● **What the task asks**: Every line of the data below is to be duplicated exactly, pictures excepted.

[Data shown]

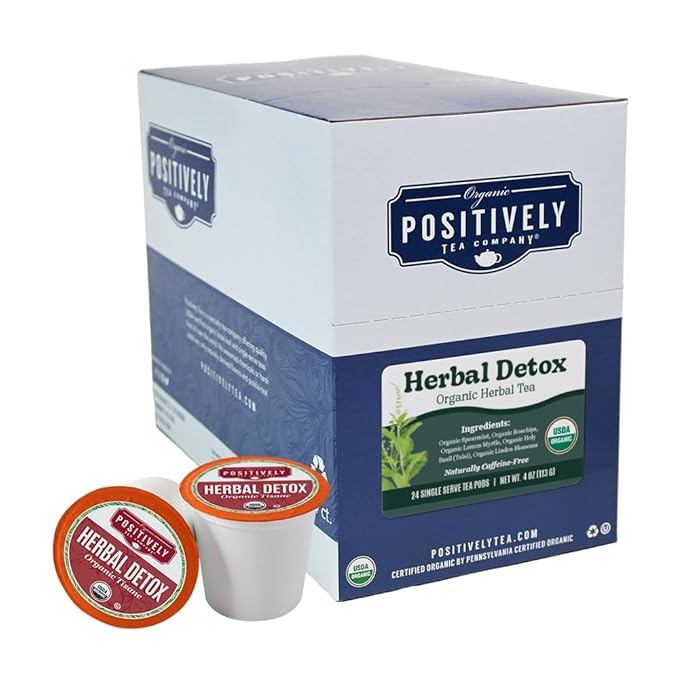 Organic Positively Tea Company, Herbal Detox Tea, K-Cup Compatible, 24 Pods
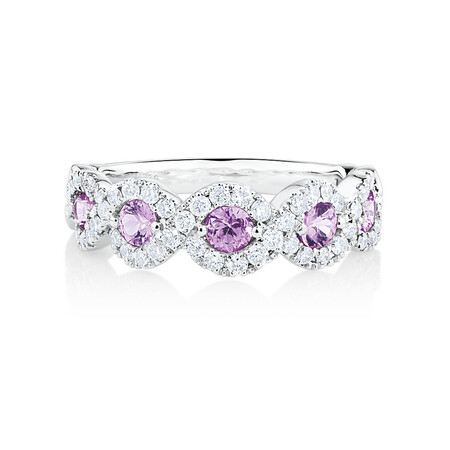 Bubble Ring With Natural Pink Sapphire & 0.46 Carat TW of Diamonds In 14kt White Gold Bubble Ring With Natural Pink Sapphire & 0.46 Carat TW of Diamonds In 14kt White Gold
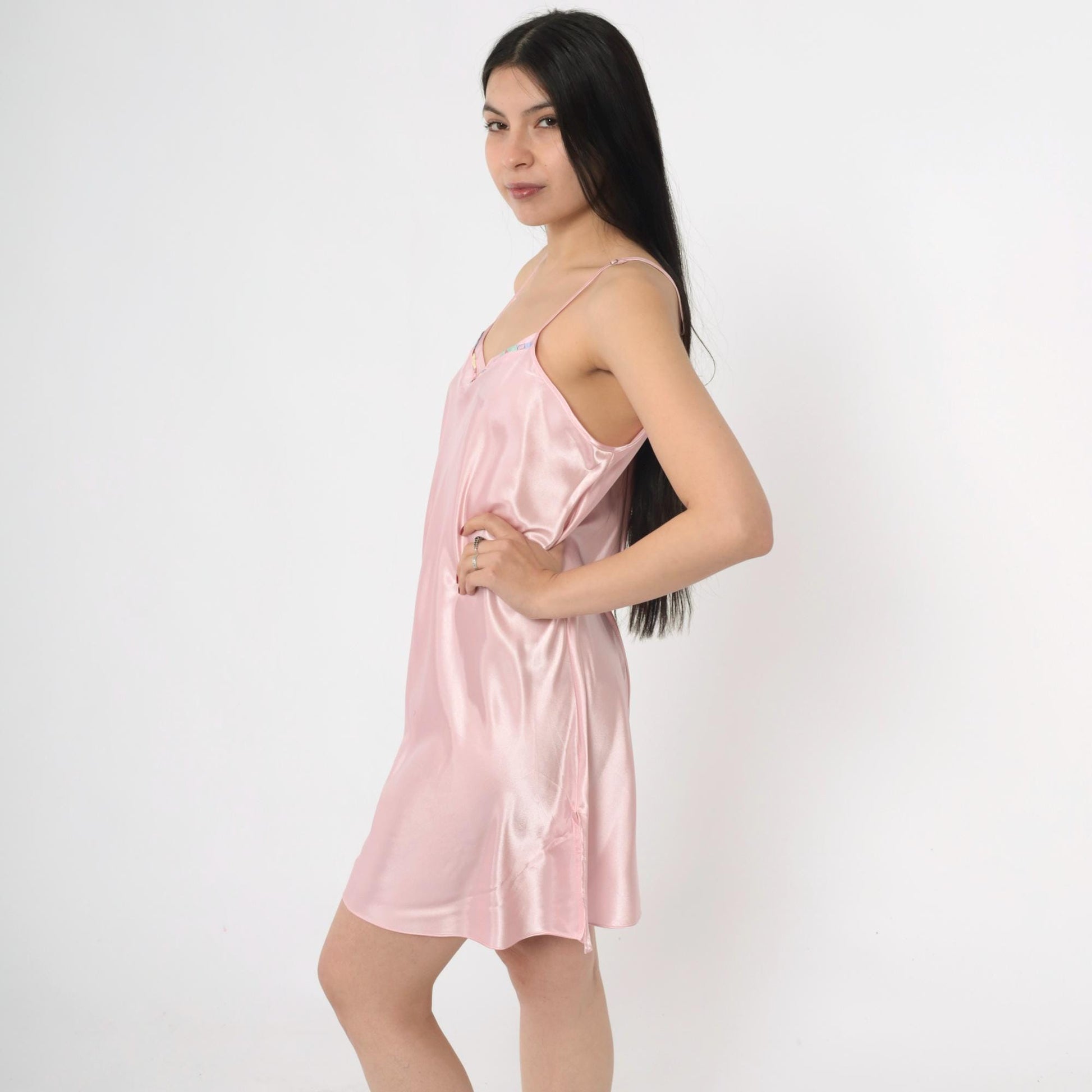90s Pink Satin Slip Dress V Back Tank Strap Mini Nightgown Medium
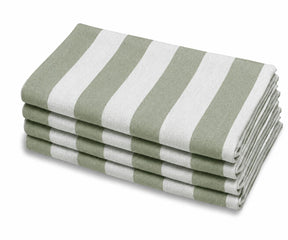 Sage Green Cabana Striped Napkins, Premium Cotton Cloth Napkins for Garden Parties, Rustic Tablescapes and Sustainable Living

[/Data shown]

● **Answer box**:
 Organic Positively Tea Company, Herbal Detox Tea, K-Cup Compatible, 24 Pods
 Bubble Ring With Natural Pink Sapphire & 0.46 Carat TW of Diamonds In 14kt White Gold Bubble Ring With Natural Pink Sapphire & 0.46 Carat TW of Diamonds In 14kt White Gold
90s Pink Satin Slip Dress V Back Tank Strap Mini Nightgown Medium
 Sage Green Cabana Striped Napkins, Premium Cotton Cloth Napkins for Garden Parties, Rustic Tablescapes and Sustainable Living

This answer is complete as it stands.